Lombok Utara, Beritakajang.com – Implementasi Peraturan Menteri Pendidikan dan Kebudayaan nomor 25 Tahun 2013, dimana salah satu tujuannya menumbuhkan budi pekerti peserta didik melalui kebudayaan ekosistem literasi dalam pembelajaran sepanjang hayat. SMA Negeri 1 Mataram menginisiasi penandatanganan MoU kerjasama Sekolah Binaan Perpustakaan dengan SMA Al-Ma’arif Darussalam Desa Rempek.
Penandatanganan kerjasama ini dihadiri Bupati Lombok Utara Dr.

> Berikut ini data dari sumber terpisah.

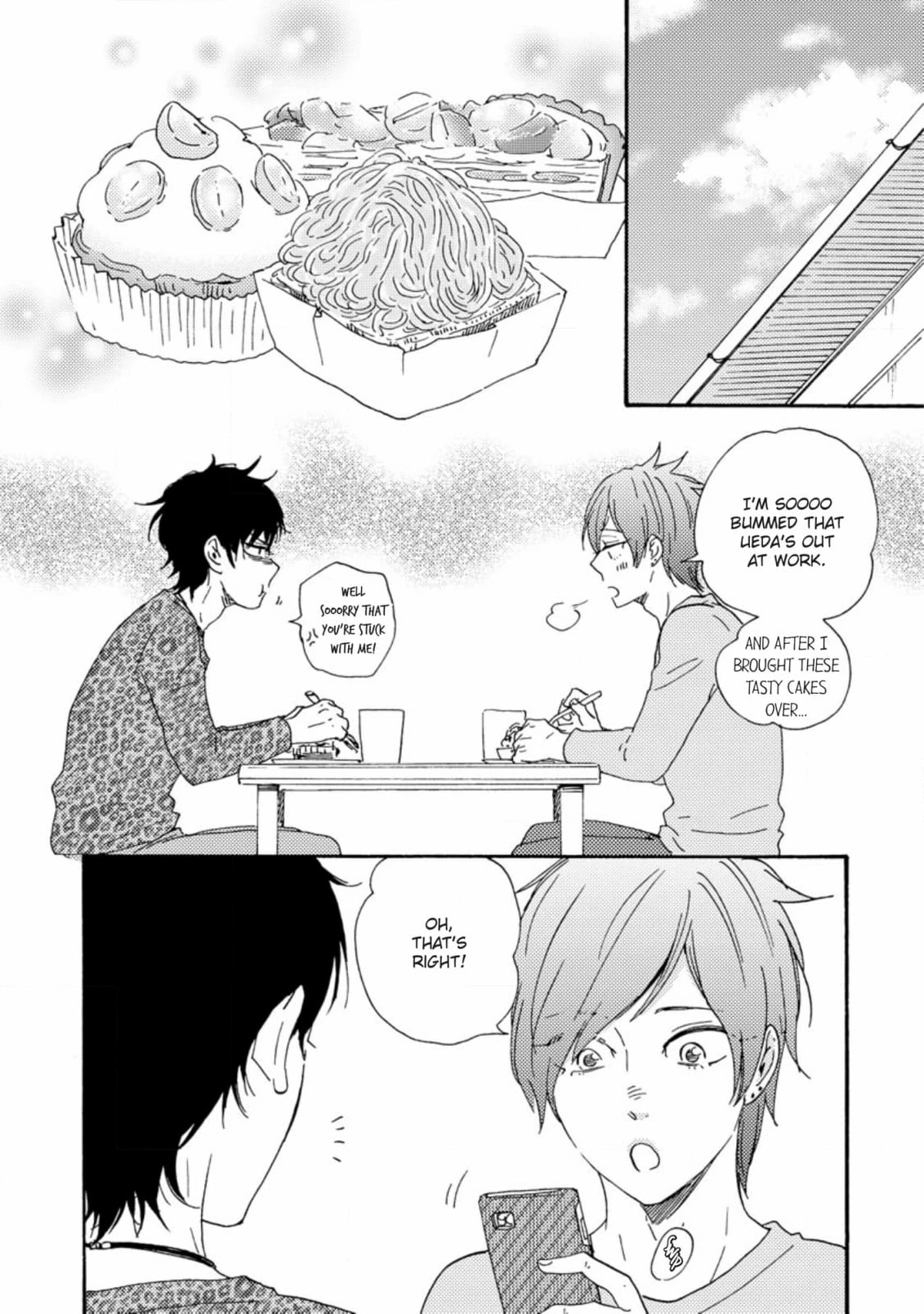 Honto Yajuu Chapter 53 page 2 - 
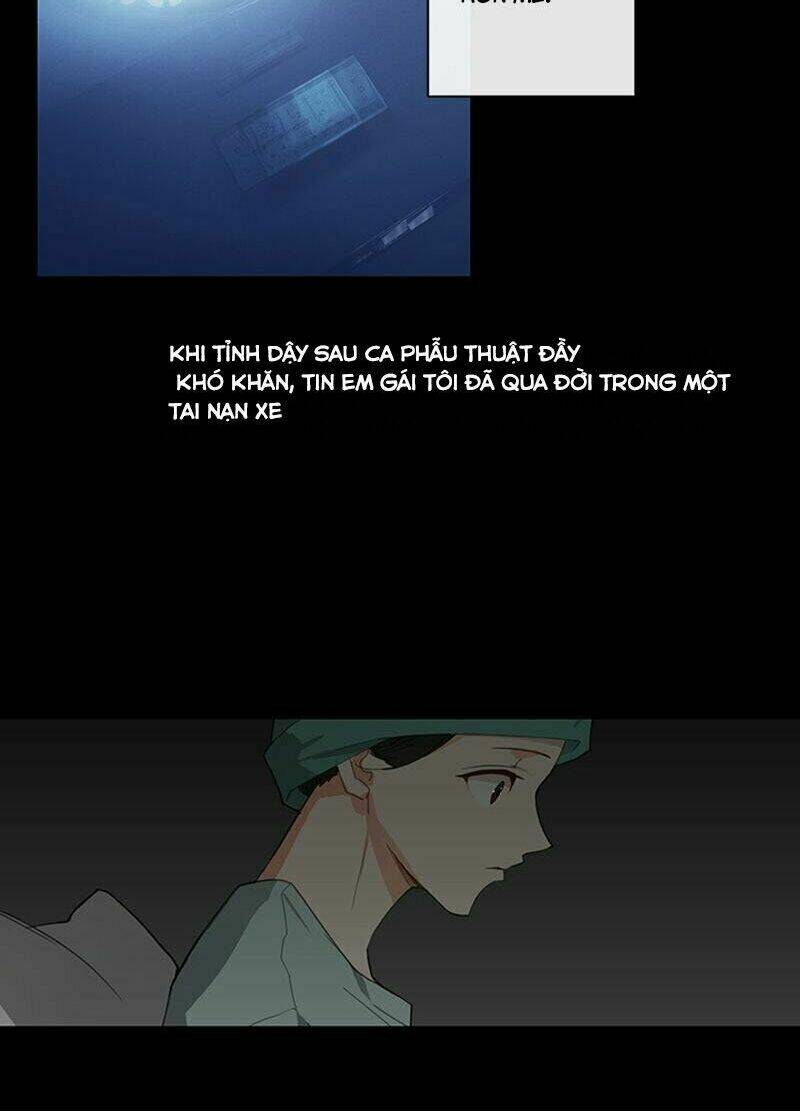 Người bạn của HOÀNG ĐẾ - Chapter 1 - Page 41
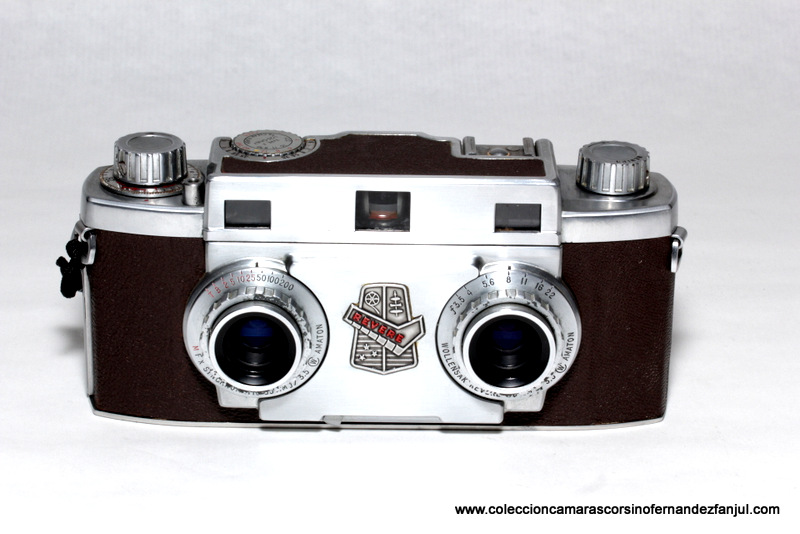 REVERE, STEREO 33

H. Najmul Akhyar, SH, MH.
“Sebagai pimpinan daerah tentu saya berkewajiban untuk terus memberikan dukungan atas penyelenggaraan perpustakaan yang ada di Kabupten Lombok Utara,” kata Bupati Najmul, Kamis (3/9/2020).
Menurutnya, banyak program-program sekolah yang dilakukan Pemda Lombok Utara sembari menganggap program ekosistem literasi itu momentum terbaik untuk pengelola SMA Al-Ma’arif Darussalam, lantaran bisa menjemputnya.

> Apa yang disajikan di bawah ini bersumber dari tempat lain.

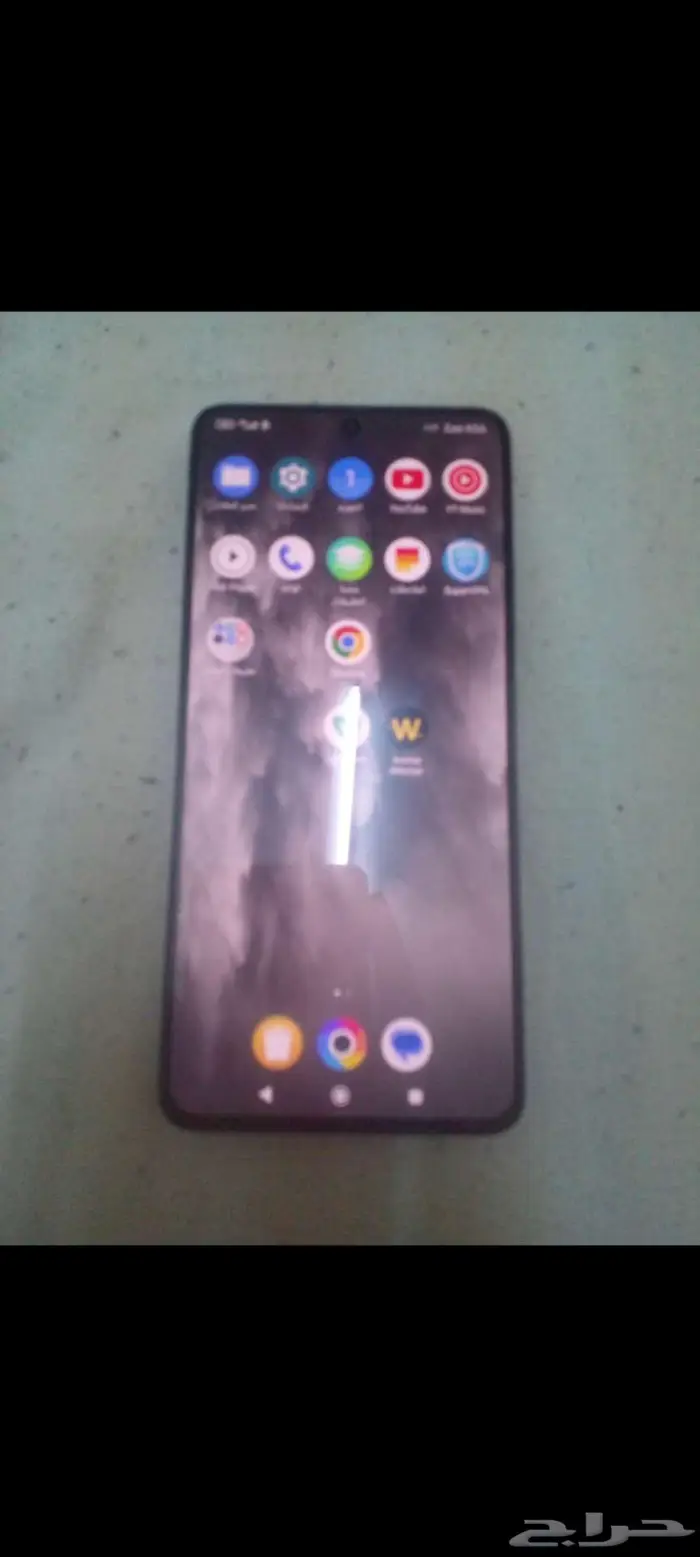 جوال poco x6 pro و اكس بوكس أس ومقوي شبكة 0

Pada kesempatan itu, Bupati Najmul memohon dukungan kepada Kepala Perpustakaan Provinsi NTB agar senantiasa memberikan pembinaan kepada anak-anak sekolah di Kabupten Lombok Utara.
“Saya ingat pesan Ketua PB NU Pak Prof. Agil (Agil Sirad -red). Beliau berpesan kepada saya, Pak Bupati saya harap dua hal. Yang pertama, kalau diundang oleh warga NU sekurang-kurangnya tolong bapak jangan tidak hadir. Yang kedua, saudara kembarnya NU di Lombok itu adalah NW. Ini pesan beliau. Sejarah juga telah membuktikan bahwa antara NU dan NW adalah saudara kembarnya,” tutur Sekjen APKASI ini.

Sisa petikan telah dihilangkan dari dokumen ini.